KAREL LOGIST,POETE EXACT

IL Y A quelques semaines, la cité de la Chaux-de-Fonds, la plus ponctuelle de Suisse si ce faire se peut, car c'est là que l'industrie horlogère est la plus active - les connaisseurs savent que l'on peut y visiter un musée de l'Horlogerie qui affolerait plus encore le lapin d'Alice -, fut pour un jour la ville dont le prince est un poète. Au lendemain du 11 novembre y fut remis le prix de la revue «Vwa», que dote richement une firme horlogère, et que patronne la municipalité. Le lauréat se vit remettre un chèque (et une montre-bracelet, comme il se doit) dans la Villa Turque, l'un des premières demeures que dessina, avec son sens souverain de l'espace vital, le plus célèbre des chaux-de-fonniers, l'architecte Le Corbusier.

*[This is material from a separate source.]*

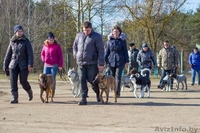 Курсы "Инструкторов-дрессировщиков служебно-спортивных собак" - Изображение #2, Объявление #647343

Le lauréat était belge. Il s'était contenté d'envoyer anonymement à la rédaction de la revue «Vwa» une liasse de poèmes qui fit sans difficulté l'unanimité du jury. Il s'appelait Karel Logist, vivait à Spa, et avait déjà par deux fois participé avec succès à des prix littéraires, puisqu'il était, au pays, lauréat du prix Lockem de l'Académie, qui se réserve de couronner un moins de vingt-cinq ans (Karel Logist a en vingt-six à l'heure actuelle), et détenteur du prix Robert Goffin. Il en va souvent ainsi des poètes de nos jours: ils sont reconnus par leurs pairs sur manuscrit, avant même que leurs textes ne paraissent en volume.

Voici que, grâce à l'exigeante collection Feux que dirige Liliane Wouters aux Eperonniers (elle n'a jusqu'à présent accueilli, c'est tout dire, que Werner Lambersy et Philippe Lekeuche), un premier recueil permet de prendre la mesure du talent très personnel de ce nouveau venu dans nos lettres. Le Séismographe est un livre qui ravit par son ingéniosité, son ironie froide, son dandysme stylistique: Logist est quelqu'un qui n'exhibe pas ses prouesses, mais qui a l'une des écritures les plus serrées qui soient.

Convaincu que la poésie serait ce qui résume l'homme à peu de prose prêt, il écrit en vers sans s'en parer, laissant deviner sous ses phrases apparemment discursives les solives d'une structure poétique d'une rare précision. Cette méthode lui permet de faire affleurer sous les mots des légendes que les ruses verbales ourdissent en toute autonomie, car Logist nous parle en connaissance de roses. Cette rhétorique n'est pas gratuite cependant: elle explore un monde où le langage serait le seul recours face au chaos. Simplement, ce familier des machines à penser est de ceux qui croient qu'elles élargissent plutôt qu'elles ne reduisent nos facultés de rêver et d'affabuler. J'ai sur mon ibéemme une touche secrète, écrit-il. Allons, la poésie a encore de beaux lendemains au programme!

JACQUES DE DECKER.

Karel Logist, Le Séismographe, Les Eperonniers, 96 p.